OPINION: Global services such as Facebook's Aquila drones all point towards a use-by date for local regulations about connecting to international networks. 

Fri, 14 Oct 2016

Laws, huh? They’re what separates humankind from the animals, order from anarchy and, of course, one country from another. The right to self-govern is fundamental to nationhood but it’s a right increasingly threatened by that series of cat-filled tubes we call the Internet.

It’s a vexed issue. On the one hand, we want to be part of a global online community, and for that community to behave in accordance with a consistent set of moral and legal standards. On the other, we want people and companies (especially) we deal with online from our Onehunga bedroom to have the same obligations under New Zealand law as we do.

This is no ordinary challenge, but extraordinary challenges are what The Moxie Sessions like even more than our customary free beer and sushi. So one night recently around the impressively large GridAKL table we sat down to chew over both.

Leading the discussion were Internet NZ’s James Ting-Edwards, and Telecommunications Commissioner Stephen Gale.

Dr Gale pointed out that it’s not just geography that the law struggles with, it’s time.
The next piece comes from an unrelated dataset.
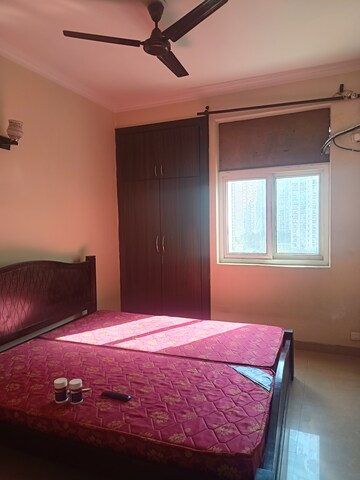 Bedroom in 2 BHK Apartment at Amrapali Silicon City, Sector 76 – for Rent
Laws created when every one of us relied on a copper telephone (and so-called “internet”) connection to our homes, and required the incumbent telco to provide it, are less relevant now that voice is just another flavour of data, and we can get that data through fibre and thin air, as well as the good old copper line.

That’s not to say that the “last mile” isn’t important today to both users and regulators. Whether it’s copper or fibre, says Dr Gale, the last mile monopoly needs regulation (that is, supporting investment but limiting prices) now, largely because video traffic is so high. But mobile/wireless technology is advancing rapidly, not least because of its potential for developing countries, and in future may compete strongly enough with fixed networks to remove the need for fixed line price controls.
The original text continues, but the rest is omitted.